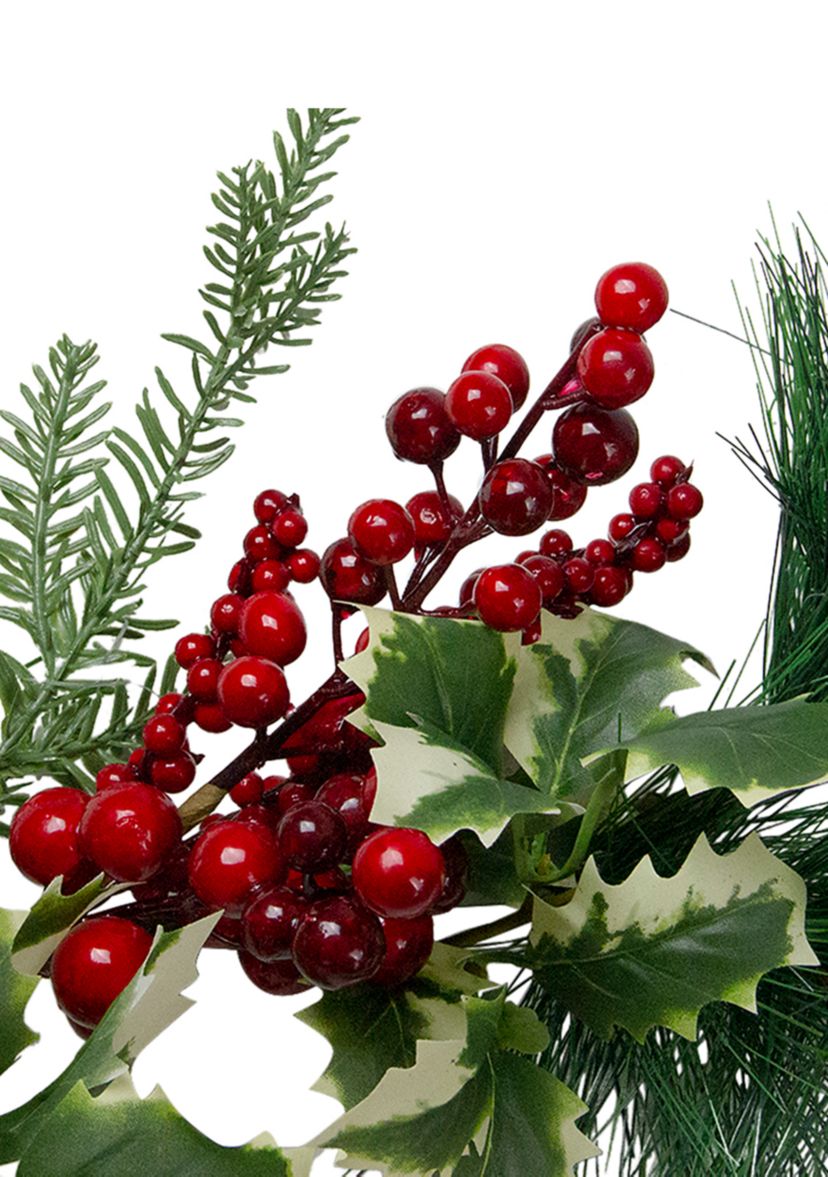 5 x 5Inch Holly and Pine Springs Artificial Christmas Garland - Unlit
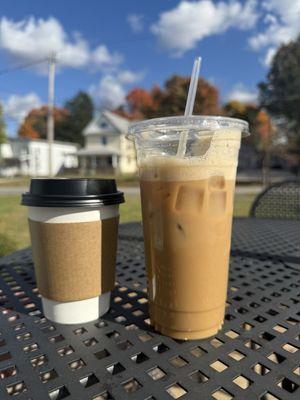 Caramel latte and brown sugar cinnamon shaken espresso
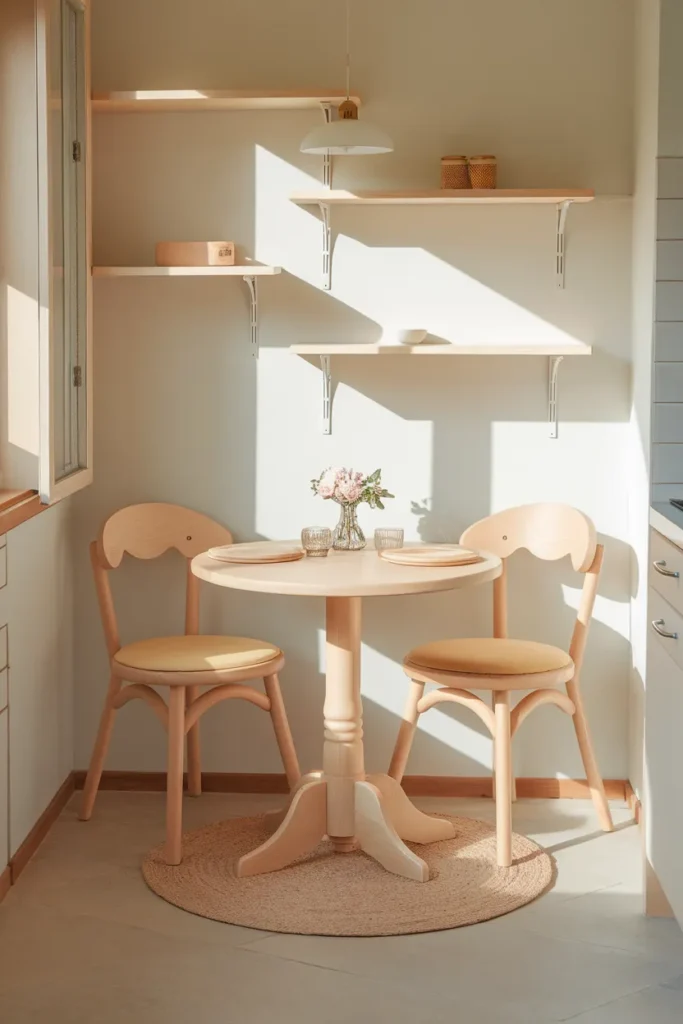 Small Breakfast Nook Round Table Setup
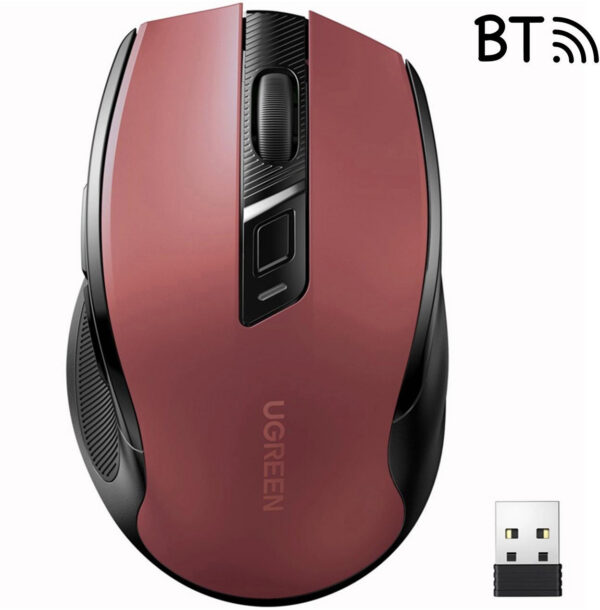 Mysz optyczna Ugreen MU006 bezprzewodowa USB 2.4GHz / Bluetooth 5.0 4000 DPI - czerwona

----------------

**To do:** Only the lines from the line with "Small Breakfast Nook Round Table Setup" to the bottom of the material above should be reproduced, exactly and without pictures.

**Solution for this task:**
 Small Breakfast Nook Round Table Setup
 Mysz optyczna Ugreen MU006 bezprzewodowa USB 2.4GHz / Bluetooth 5.0 4000 DPI - czerwona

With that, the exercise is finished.